*** Opening Raw data ***
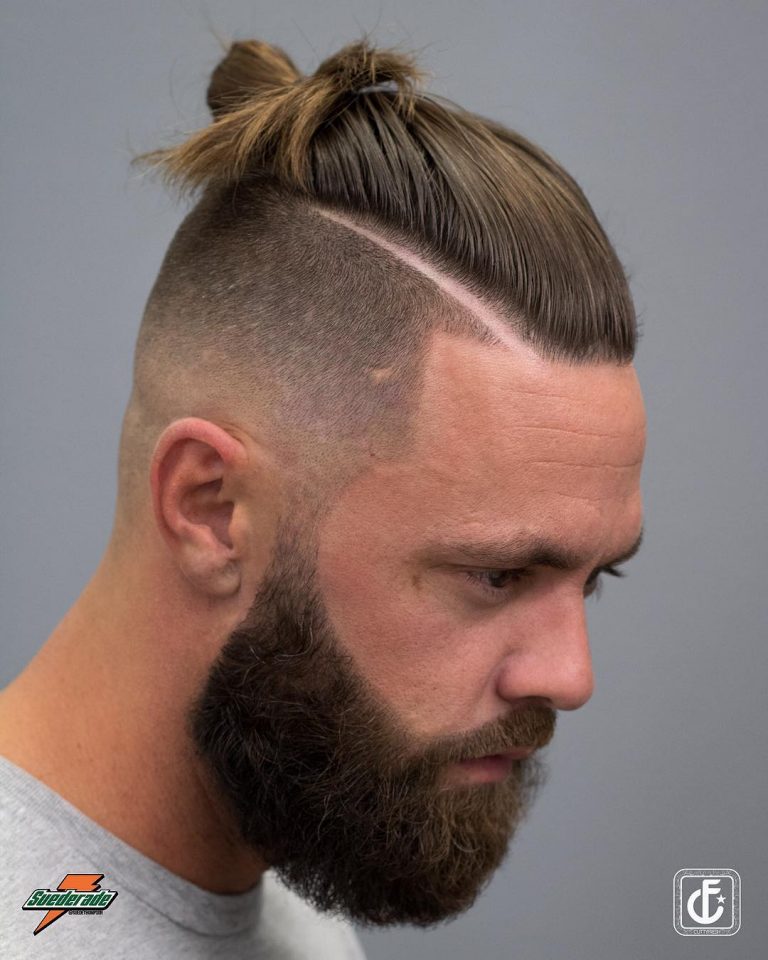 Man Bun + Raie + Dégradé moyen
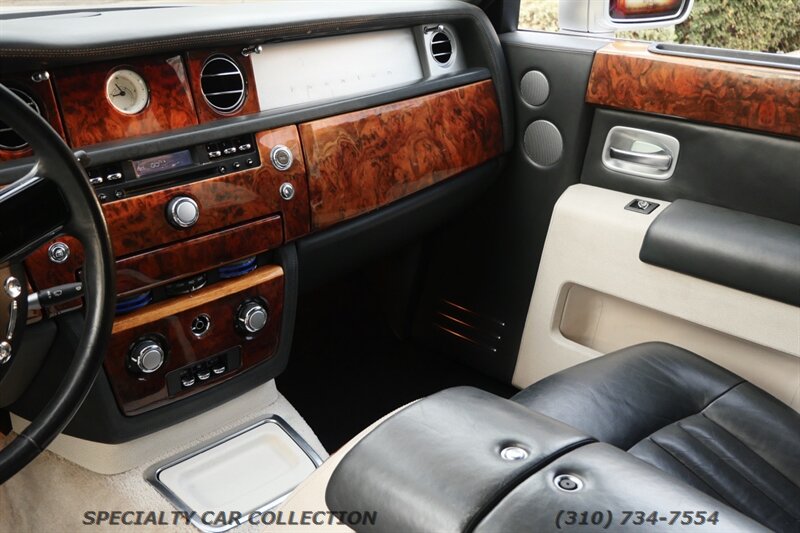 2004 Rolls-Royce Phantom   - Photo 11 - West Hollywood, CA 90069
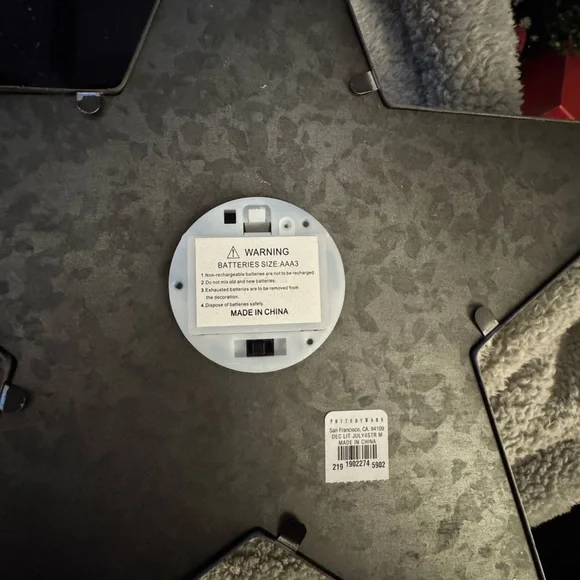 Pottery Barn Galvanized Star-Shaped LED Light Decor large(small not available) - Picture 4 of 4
*** Closing Raw data ***
Problem to solve:
The data above, line by line: transcribe it exactly and drop the pictures.

Result for this exercise:
 Man Bun + Raie + Dégradé moyen
 2004 Rolls-Royce Phantom   - Photo 11 - West Hollywood, CA 90069
 Pottery Barn Galvanized Star-Shaped LED Light Decor large(small not available) - Picture 4 of 4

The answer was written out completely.